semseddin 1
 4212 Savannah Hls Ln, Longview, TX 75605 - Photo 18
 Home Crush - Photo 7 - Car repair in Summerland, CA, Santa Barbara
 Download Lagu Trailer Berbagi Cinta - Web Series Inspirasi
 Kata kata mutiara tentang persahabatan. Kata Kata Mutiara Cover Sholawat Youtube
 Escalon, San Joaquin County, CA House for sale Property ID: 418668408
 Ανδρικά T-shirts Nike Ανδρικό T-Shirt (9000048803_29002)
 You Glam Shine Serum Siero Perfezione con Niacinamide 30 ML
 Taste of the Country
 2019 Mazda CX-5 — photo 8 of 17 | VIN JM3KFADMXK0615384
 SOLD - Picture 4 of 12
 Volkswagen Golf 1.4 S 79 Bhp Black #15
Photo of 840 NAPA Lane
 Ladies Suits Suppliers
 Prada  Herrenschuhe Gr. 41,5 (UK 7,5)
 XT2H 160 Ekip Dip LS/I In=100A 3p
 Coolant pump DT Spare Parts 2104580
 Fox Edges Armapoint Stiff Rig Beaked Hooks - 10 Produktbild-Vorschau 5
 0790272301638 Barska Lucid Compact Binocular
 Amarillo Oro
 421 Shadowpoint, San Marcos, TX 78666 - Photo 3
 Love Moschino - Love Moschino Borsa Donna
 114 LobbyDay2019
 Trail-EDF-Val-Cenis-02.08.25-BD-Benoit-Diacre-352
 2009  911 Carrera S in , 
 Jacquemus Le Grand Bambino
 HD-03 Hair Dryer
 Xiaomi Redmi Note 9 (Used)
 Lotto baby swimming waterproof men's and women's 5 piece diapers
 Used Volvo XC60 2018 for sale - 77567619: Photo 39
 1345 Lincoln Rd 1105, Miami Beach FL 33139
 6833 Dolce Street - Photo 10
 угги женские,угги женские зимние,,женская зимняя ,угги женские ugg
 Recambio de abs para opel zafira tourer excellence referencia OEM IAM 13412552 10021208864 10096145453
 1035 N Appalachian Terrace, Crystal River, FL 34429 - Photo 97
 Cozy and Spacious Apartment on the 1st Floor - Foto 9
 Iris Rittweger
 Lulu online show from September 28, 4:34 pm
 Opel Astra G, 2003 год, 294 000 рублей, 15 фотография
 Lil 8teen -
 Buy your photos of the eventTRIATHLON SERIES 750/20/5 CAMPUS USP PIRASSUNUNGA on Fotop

§ Problem description
Every line containing the word "Used" must be copied from the material above.

§ Task answer
 Xiaomi Redmi Note 9 (Used)
 Used Volvo XC60 2018 for sale - 77567619: Photo 39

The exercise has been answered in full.